Leoš Janáček hat als Komponist erst spät ganz zu sich selbst gefunden. Den entscheidenden Schritt tat er mit der Oper „Jenufa“, an der er mit Unterbrechungen fast zehn Jahre lang von 1894 bis 1903 arbeitete. Die produktivste Phase seines Schaffens setzte aber erst 1917 ein, als Janáček bereits über sechzig Jahre alt war. In den folgenden Jahren bis zu seinem Tod 1928 entstanden die meisten Werke, die wir heute mit seinem Namen verbinden. Neben seinen Opern sind das vor allem Die „Sinfonietta“ (1926), die „Glagolitische Messe“ (1926/27) und die Streichquartette Nr. 1. und Nr. 2, die die Beinamen „Kreutzersonate“ und „Intime Briefe“ tragen.

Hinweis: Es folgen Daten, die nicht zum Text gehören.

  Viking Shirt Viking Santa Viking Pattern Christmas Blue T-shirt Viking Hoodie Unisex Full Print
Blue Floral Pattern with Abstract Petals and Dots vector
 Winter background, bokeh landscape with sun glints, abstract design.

Leoš Janáček wurde am 3. Juli 1854 in die ärmlichen Verhältnisse eines abgelegenen mährischen Dorfes in eine Familie von Lehrern und Musikern hinein geboren. Mit elf Jahren schickten ihn seine Eltern nach Brno (Brünn), wo er eine höhere Schulbildung erwarb und auch musikalischen Unterricht erhielt. Nach Studien in Prag, wo er Antonin Dvořak persönlich kennenlernte, und Leipzig ging Janáček nach Brünn zurück. Dort gründete er 1881 eine Orgelschule, deren Direktor er bis 1919 blieb und aus der später das Konservatorium der Stadt hervorging.

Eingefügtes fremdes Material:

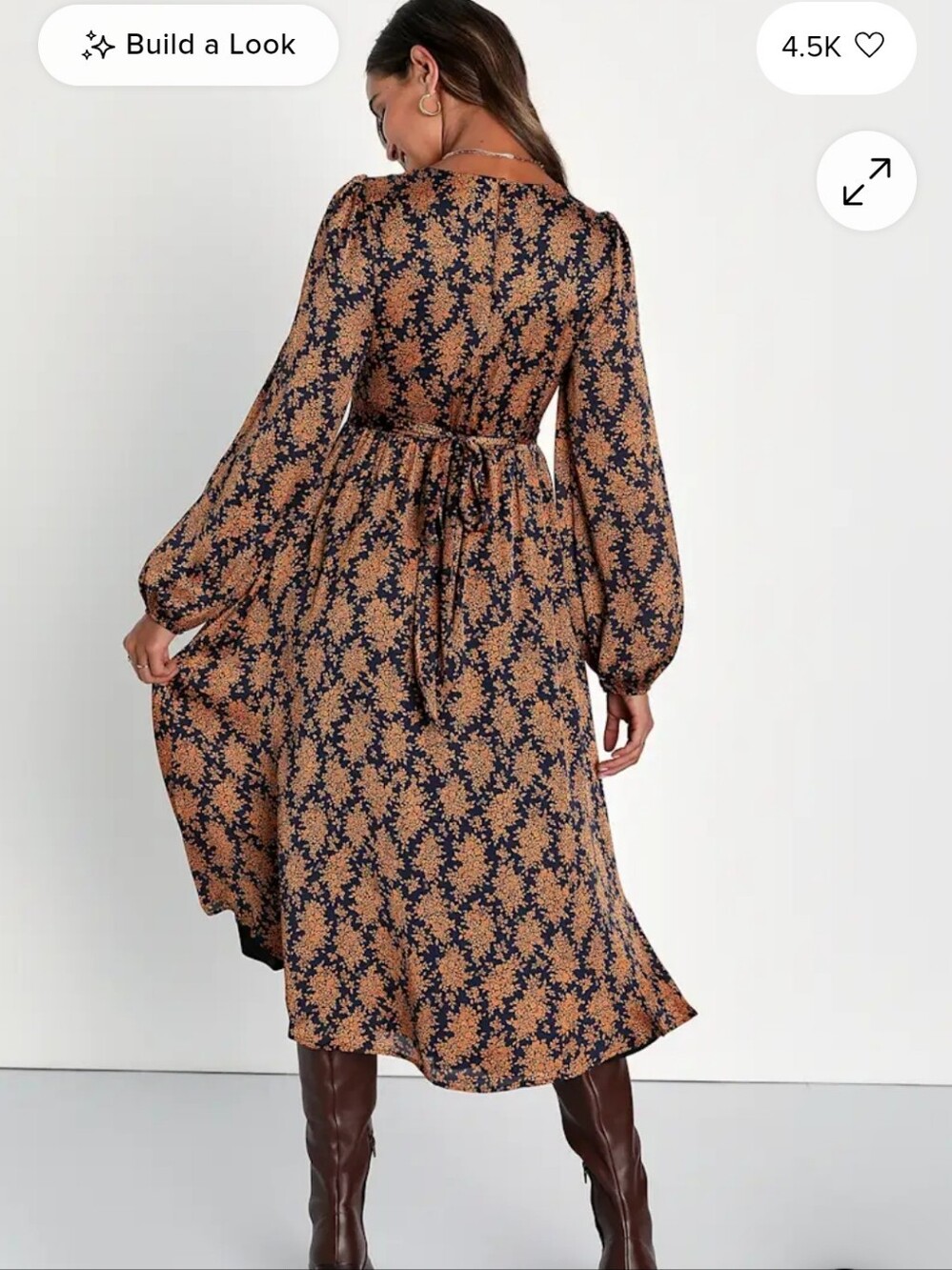 Graceful Impression Black and Orange Floral Print Midi Dress - Picture 3 of 11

Angeregt von seinem Freund František Bartoš begann Janáček bereits 1885 sich mit der Volksmusik seiner Heimat zu beschäftigen. Auf regelmäßigen Exkursionen, oftmals zu Fuß, da viele Ortschaften anders gar nicht zu erreichen waren, trug Janáček gemeinsam mit Bartoš eine imponierende Anzahl von Liedern zusammen, die in verschiedenen Formen von der wissenschaftlichen Edition bis zur praktischen Ausgabe publiziert wurden. Die Auseinandersetzung mit der mährischen Volksmusik wirkte wie ein Katalysator auf Janáčeks Schaffen, seine ehemals oft epigonal wirkenden Kompositionen nahmen nun zusehends individuelle und originelle Züge an.

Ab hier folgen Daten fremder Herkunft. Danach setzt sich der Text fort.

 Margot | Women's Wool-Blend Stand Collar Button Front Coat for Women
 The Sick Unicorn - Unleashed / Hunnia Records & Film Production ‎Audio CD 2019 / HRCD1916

Mit der erfolgreichen Uraufführung der „Jenufa“ in Brünn am 21. Januar 1904 wurde Janáček zu einer respektierten Persönlichkeit des Brünner Musiklebens, wo er auch mehrere Chöre und Orchester leitete. Trotz dieses lokalen Erfolges blieb sein Name aber außerhalb Mährens so gut wie unbekannt. Dies änderte sich erst mit der nachgerade sensationellen Wiederaufführung der „Jenufa“ 1916 in Prag. In kurzer Zeit folgten Aufführungen in Wien, Köln, Berlin und New York, die Janáček internationale Anerkennung brachten. Janáček konnte sich nun ausschließlich dem Komponieren widmen und schuf in den verbleibenden Jahren seiner reifen Meisterschaft unter anderem vier Opern, Orchesterwerke und Kammermusik in einem unverwechselbar eigenen, bezwingend ausdrucksstarken Stil. Leoš Janáček starb am 12. August 1928.